Even before what happened in the last couple of years; even before what happened in the last week couple of weeks when a former president of the United States was indicted in a courtroom here in New York [and ultimately found liable for sexual abuse] and a sitting Supreme Court justice is taking $500,000 vacations and not thinking it’s a problem, from a guy, by the way, who may or may not collect Nazi memorabilia.

This feels very much like our old Veep conversations, about how prescient the show was.

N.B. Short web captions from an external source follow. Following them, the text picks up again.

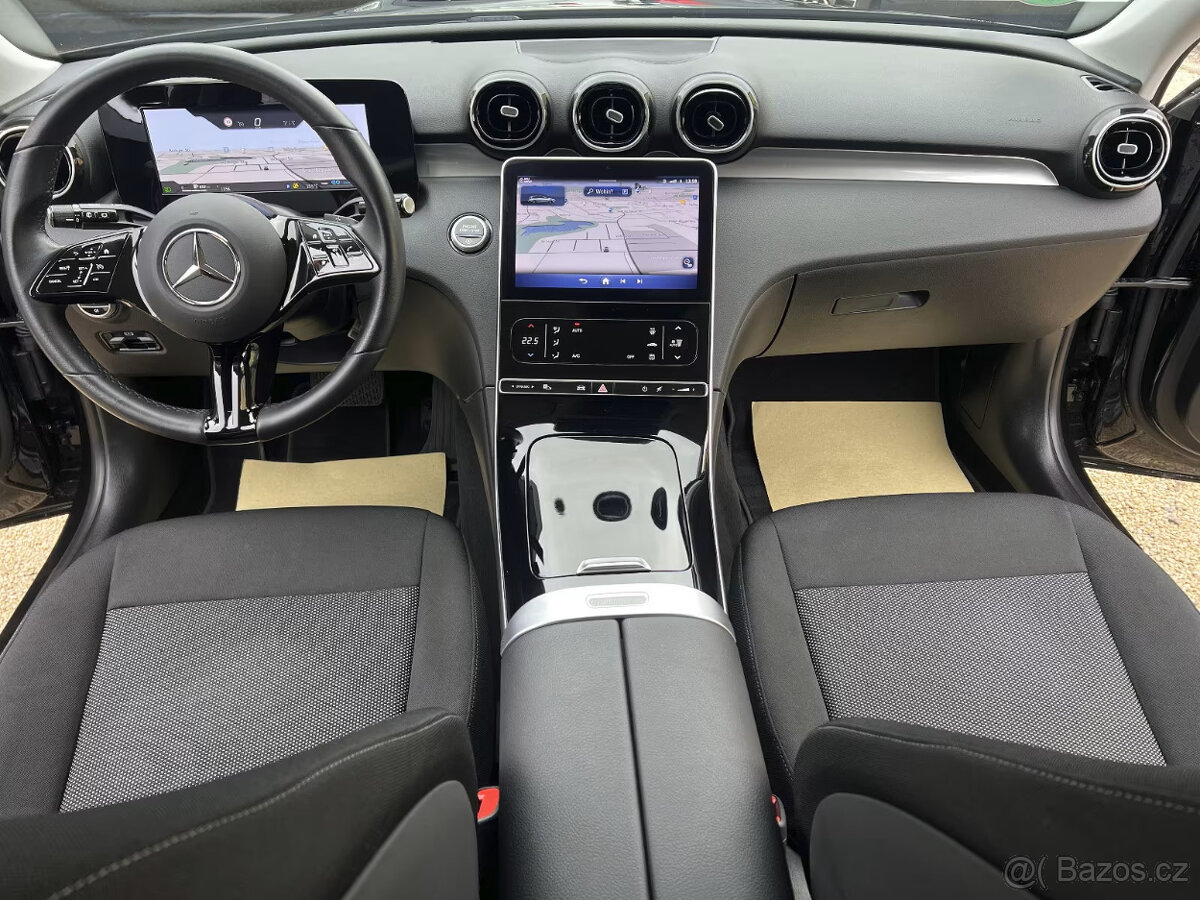 Mercedes-Benz C 200 d T Avantgarde - navi,LED,tažné,163 PS - 9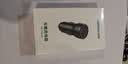 绿联 车载充电器点烟器车充一拖二双USB快充15.5W转换器扩展口 实拍图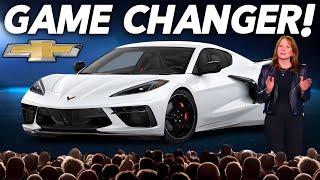 ALL NEW 2025 Chevrolet Corvette SHOCKS The Entire Industry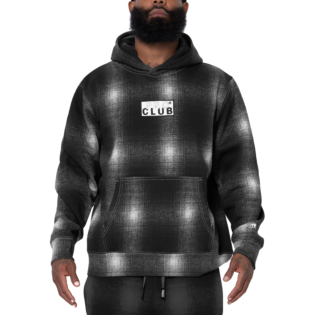 Ombre Fleece Pullover Hoodie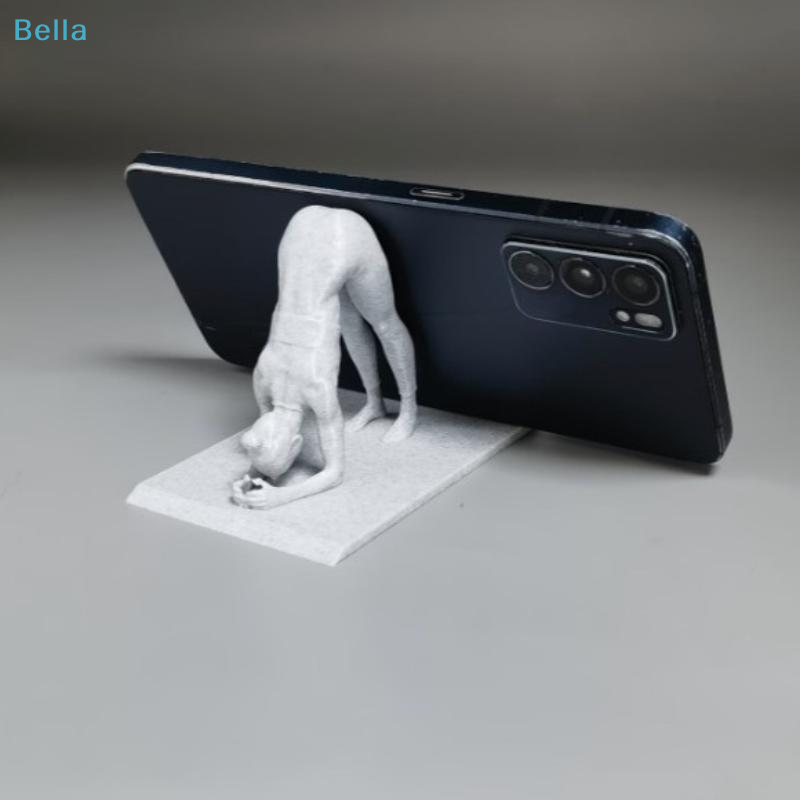 Yoga Fitness Model - 3D Baskılı Yoga Kızı Telefon Standı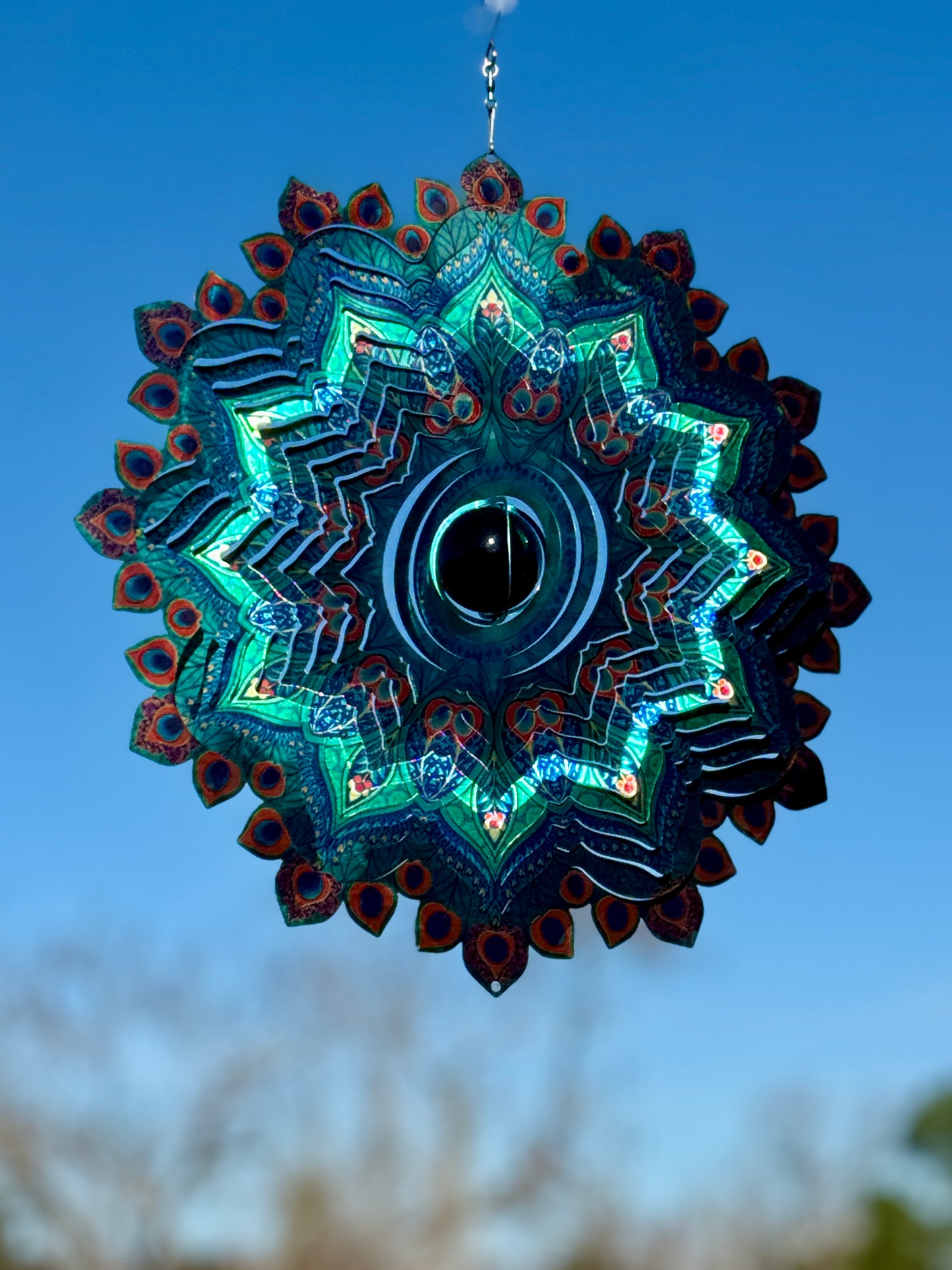 Mandala Piedra de Luna XL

I know, this is very much like our old Veep conversations. There’s an opportunity here, first of all, to just let people know what President Nixon did. Let’s start with that and fill in some historical knowledge, number one. It’s a story where, maybe it’s been long enough that it’s time to remind people. But now, let’s go one step further. I think there was a mistake in the United States of America when, after Nixon resigned and Carter was swept into office and all of these new, ethical laws and codes and various things were put into place, thinking that we had solved it all: We fixed politics. We did it. Yay, everything is good again. And again, we don’t know everything that went on but, we can look at things. We can look at Iran-contra, we can look at Clinton. Presidents from both parties abused their power. So here we are now, all of a sudden, in the post-Trump presidency and we’re looking and going, “Oh my God, what these guys did is happening right now.” We can draw a direct line from what’s happening now to back then.

So many people say about Trump, and I think this is wrong, that “Trump changed everything.” No. This was all going on, from Nixon onward. Trump may have moved it more into the open. He may have been more matter-of-fact about it. But we must look at what’s going on today and understand it through the lens of Watergate because these problems never went away and, on some level, and I hate saying this, maybe there is a systematic problem in our form of government, that it’s based a little bit too much on trust that people are going to do the right things. And maybe people can wake up a little bit to the fact that people do bad things. Almost every day as we got closer to the show’s release date, I felt like it’s more relevant and even better timing that we did this thing.

And how much does all of that make you want to return to the world of Veep?

Your favorite question! It’s the same answer: Some day, we will.

Interview edited for length and clarity; these interviews were conducted ahead of the May 2 writers strike. White House Plumbers releases new episodes Monday at 9 p.m. on HBO and Max.